●タイトル 金ではないものへ
その若者は、かつてなにが何でも金を稼ぎ成功してやる、と息巻いていたそうだ。(意思)ところが、現在の彼にはそんな雰囲気を微塵も感じさせないほど穏やかな表情をしている。(寛容)
彼が今向かおうとしているところ、それは神聖なる神の教えであったのだ。(清楚)彼のことをよく理解し、生活面でよく助けてくれる牧師に出会い(信頼)彼は成長していこうとしていた。しかし、かつて共に金を稼ごうと息巻いていた仲間がそれを止めようとする。あきらめてはならない、成功の道まであきらめるな、と強く鼓舞する(慈愛)しかし、男は物質的な金よりも精神面を鍛え、神聖なる宣教者へと成長していったのであった。(至誠)
●タイトル 不幸な女
かつて彼女には結婚まで考えている男がいた、しかし、突然その男は他の女を見つけて彼女のもとから去っていった。(逆信頼)そんな彼女は男性恐怖症となってしまい、今はどんな男とも付き合うことができないようになっていた。歳も三十代半ばだと言うのに結婚など夢のまた夢だ。(逆幸運)
そんな彼女に突然の春が来た。金髪ロン毛に定職にもつかない男(逆調和)、そんな男と彼女は付き合うようになった。その男には他に男がいることも知っている。ほとんどやけくそ状態で付き合うことにした。(逆理性)
そんな彼女は、かつての親友に出会う。親友は彼女に男と別れるように言う。あたしがいい男の子も紹介してくれると言ってくれる(治癒)
しかし、そんな親友の優しさなど彼女にはわからなかった。
彼女にはその男の子供をお腹に宿す。男にそのことを告げると、すぐさまおろすよう言われる。彼女は男に逆らうことができずに、堕胎した。その後、すぐ彼女も振られてしまい、そして自らの命を絶つ選択をしてしまった。(逆慈愛)
●タイトル 王国の栄枯衰退
かつての大賢者が建国した王国があった。(知恵)今日、この王国にとって大変喜ばしい出来事が起きた。待ちに待った王子が誕生したのであった。(生命)
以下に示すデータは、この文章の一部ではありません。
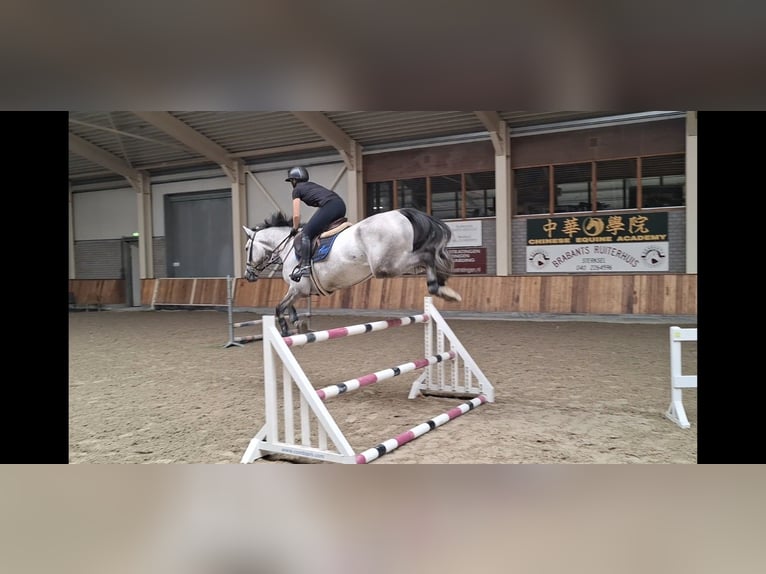 Zangersheide Ruin 5 Jaar 170 cm Schimmel in Asten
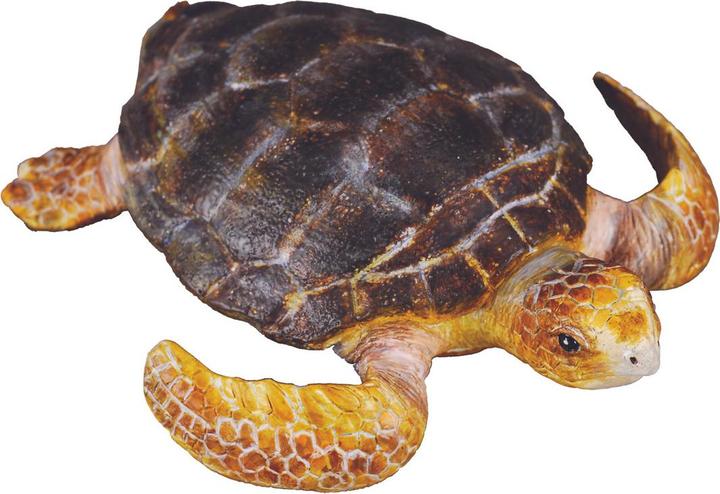 Actual product image Collecta Loggerhead Turtle (M)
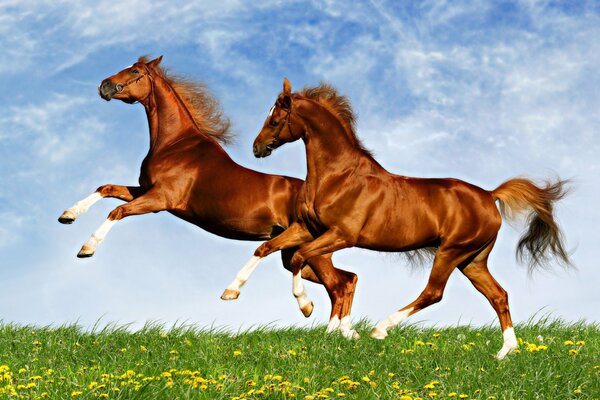 Chevaux au galop sur un champ vert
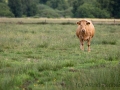 Ich , auf meiner Wiese, Hamberger Moor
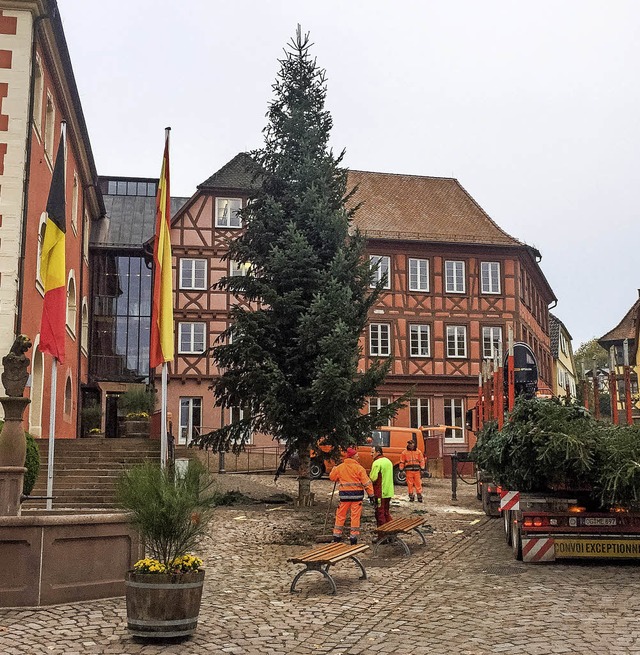 Kerzengerade und hoch gewachsen. Eine ...chtsbaum vor dem Ettenheimer Rathaus.   | Foto: Olaf Michel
この王子は、悪知恵を働かせては側近たちを困らせた。しかし、咎めようものなら王子の聡明な答えに誰も文句を言うものはいない。(寛容)
王子はすくすくと育ち、非常に頭の切れる若き国王となった。若き国王は、老体した前代国王によって停滞していた国政を大きく盛り上がらせていった。(理性)
しかし、それを快く思わない側近がいた。現状の既得権益を奪われることをなんとしても阻止しようとしていた。(逆変化)
若き国王も、古くからの側近に逆らうことができず、既得権益の保持を約束するが、その間に時間を稼ぎ、古い側近を油断させているうちに、若い側近たちを集めて、古い側近をいっせいに排除してしまった。(逆誓約)こうして、この国は優秀な若き国王と側近たちによってどの国よりも発展する王国となった。
●タイトル 村娘
とある農村に娘が生まれた。娘の家はとても貧しいたたずまいではあったが、慎ましく幸せに生きていた。(節度)そんな家庭ではあったが、娘は悪い方向に育つこともなく、親孝行の良い娘へと成長した。(理性)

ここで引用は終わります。